Most of the jump has come since Sunday. The price is likely to rise 10 to 20 cents per gallon before hitting a peak, according to AAA, the Auto Club Group.

Some of that is just bad timing: besides the closed Texas refineries and the storm hitting Louisiana is the surge in demand that comes with millions of Americans taking to the roads for the holiday weekend.

“Consumers should expect to see the highest Labor Day prices at the pump since 2014,” said Josh Carrasco, a spokesperson for AAA.

The good news is that the bad news will not last, he said. “AAA does not expect Gulf refineries to be offline for months.”

And once they start producing fuel – probably toward the end of the month – prices should drop steadily.

One good sign from the markets: the wholesale price of gasoline has apparently peaked and has started to dip, according to Patrick DeHaan, a senior industry analyst at Gas Buddy.

That will eventually filter through to the pump – that is if the refineries start to come back online in the next few days. But the port, where tankers unload oil, is also crucial, he said. “Nothing improves until the Houston ship channel opens 100 percent, then relief in days,” he tweeted Friday.

Colonial Pipeline, which provides the lion’s share of fuel to metro Atlanta and points north, Wednesday announced it was virtually shutting down its two pipelines. With that news, the price hike accelerated. At week’s end, the Colonial system was operating, except for Texas – the location of half the refineries that feed the pipeline.
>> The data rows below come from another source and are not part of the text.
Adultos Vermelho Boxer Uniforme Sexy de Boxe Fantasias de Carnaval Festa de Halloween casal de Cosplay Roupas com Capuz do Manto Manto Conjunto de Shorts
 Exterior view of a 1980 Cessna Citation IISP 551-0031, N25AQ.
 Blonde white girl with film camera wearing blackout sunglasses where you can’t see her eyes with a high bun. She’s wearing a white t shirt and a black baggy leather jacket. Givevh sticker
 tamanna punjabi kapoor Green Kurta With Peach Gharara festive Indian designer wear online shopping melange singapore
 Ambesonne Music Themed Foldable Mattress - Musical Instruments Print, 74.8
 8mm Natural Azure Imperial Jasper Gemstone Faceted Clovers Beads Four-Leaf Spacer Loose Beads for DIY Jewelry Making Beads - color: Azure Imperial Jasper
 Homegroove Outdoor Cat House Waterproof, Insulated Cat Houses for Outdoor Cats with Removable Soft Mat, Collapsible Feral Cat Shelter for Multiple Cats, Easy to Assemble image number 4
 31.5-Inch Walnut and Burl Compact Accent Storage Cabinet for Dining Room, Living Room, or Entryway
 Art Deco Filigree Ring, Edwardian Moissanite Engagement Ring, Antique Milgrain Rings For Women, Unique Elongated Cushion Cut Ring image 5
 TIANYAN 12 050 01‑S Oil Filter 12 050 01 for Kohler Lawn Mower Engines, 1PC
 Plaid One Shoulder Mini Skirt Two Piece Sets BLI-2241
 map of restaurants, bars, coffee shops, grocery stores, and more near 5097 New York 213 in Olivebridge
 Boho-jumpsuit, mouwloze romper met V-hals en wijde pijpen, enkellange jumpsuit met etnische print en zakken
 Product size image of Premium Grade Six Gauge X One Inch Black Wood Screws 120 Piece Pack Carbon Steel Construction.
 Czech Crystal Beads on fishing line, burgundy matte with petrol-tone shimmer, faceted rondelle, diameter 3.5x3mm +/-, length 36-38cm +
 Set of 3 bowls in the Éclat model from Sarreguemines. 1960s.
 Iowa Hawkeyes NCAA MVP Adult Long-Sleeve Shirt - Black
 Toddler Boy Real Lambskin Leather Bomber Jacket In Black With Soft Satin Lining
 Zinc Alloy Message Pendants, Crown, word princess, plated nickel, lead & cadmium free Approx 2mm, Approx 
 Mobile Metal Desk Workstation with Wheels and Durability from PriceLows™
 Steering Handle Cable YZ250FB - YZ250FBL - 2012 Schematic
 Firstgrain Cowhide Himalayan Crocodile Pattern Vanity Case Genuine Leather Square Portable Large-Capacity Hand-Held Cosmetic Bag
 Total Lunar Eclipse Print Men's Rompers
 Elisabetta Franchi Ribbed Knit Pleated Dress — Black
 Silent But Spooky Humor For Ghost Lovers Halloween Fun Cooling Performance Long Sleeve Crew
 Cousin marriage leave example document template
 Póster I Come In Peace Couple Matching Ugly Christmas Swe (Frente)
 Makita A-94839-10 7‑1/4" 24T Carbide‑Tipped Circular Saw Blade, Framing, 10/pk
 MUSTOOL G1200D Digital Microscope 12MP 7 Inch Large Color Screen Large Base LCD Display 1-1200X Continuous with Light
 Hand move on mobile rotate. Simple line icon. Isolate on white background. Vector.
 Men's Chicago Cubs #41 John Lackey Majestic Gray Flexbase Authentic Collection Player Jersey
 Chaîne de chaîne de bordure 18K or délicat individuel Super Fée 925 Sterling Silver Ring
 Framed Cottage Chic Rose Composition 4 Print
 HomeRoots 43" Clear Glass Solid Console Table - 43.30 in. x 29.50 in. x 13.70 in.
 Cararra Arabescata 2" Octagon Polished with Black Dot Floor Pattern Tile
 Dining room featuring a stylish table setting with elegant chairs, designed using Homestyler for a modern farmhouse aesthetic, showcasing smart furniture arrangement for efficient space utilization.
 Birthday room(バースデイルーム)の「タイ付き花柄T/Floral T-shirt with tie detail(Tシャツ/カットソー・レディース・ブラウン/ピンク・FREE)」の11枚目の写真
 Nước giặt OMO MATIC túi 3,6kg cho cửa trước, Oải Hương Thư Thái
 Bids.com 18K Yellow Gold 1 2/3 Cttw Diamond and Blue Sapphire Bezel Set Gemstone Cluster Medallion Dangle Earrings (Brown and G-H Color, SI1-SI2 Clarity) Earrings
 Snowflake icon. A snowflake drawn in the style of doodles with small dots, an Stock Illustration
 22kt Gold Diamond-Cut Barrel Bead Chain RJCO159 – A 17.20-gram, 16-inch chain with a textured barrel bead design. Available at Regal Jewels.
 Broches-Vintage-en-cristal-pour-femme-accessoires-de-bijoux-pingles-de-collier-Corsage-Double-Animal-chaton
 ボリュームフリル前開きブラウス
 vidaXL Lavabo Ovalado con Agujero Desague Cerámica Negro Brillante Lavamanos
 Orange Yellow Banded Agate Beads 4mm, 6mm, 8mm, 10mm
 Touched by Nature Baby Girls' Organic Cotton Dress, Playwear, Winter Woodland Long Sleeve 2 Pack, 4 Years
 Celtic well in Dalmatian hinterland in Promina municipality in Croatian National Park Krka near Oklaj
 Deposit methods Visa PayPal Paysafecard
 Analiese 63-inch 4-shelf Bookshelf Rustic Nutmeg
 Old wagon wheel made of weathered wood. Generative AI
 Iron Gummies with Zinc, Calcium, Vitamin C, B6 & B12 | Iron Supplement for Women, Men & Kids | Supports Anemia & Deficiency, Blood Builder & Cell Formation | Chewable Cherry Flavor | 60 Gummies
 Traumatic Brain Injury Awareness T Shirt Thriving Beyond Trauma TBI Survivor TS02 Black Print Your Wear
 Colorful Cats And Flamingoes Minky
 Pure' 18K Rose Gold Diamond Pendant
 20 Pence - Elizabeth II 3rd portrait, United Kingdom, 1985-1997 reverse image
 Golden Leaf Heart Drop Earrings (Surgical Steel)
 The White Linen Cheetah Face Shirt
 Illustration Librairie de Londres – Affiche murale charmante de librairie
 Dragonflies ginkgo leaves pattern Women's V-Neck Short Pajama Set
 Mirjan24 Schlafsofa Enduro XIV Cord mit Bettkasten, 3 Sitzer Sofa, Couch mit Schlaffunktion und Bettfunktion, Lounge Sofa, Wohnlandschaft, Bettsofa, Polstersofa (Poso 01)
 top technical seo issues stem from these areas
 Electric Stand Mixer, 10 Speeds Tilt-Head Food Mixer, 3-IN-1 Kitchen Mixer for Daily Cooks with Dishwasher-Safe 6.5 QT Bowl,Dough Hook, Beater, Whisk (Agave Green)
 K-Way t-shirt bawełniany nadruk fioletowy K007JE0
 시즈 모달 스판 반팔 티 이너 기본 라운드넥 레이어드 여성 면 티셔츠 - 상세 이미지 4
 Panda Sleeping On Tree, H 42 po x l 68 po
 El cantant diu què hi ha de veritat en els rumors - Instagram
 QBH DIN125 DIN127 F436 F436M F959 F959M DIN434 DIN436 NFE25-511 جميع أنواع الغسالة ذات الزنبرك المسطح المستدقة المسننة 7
But the company is still expecting to restart fuel flow from the Houston area, officials said late Friday.

Some of the gas price increase has been propelled by changes in behavior – by drivers and retailers alike, said economist Tom Smith of Emory’s Goizueta Business School. “Everybody is being very forward-looking.”

In normal times, many drivers won’t fill up their tank until they have just a quarter tank of gas or less. But this is not a normal situation.

“Right now there’s plenty of gas, but you think there won’t be as much next week. So you fill up now.”

For the overall economy and most consumers, a relatively brief price increase is a manageable irritant, but for people living close to the edge of their income, a price spike is a problem.

For instance, Smith’s mother in law, Sharon Wikel of Johns Creek.

Wikel, 72, is retired and relies mostly on Security Security payments, she said. “When the price of gas goes up, I can’t go as far. So the economic impact affects me a lot.”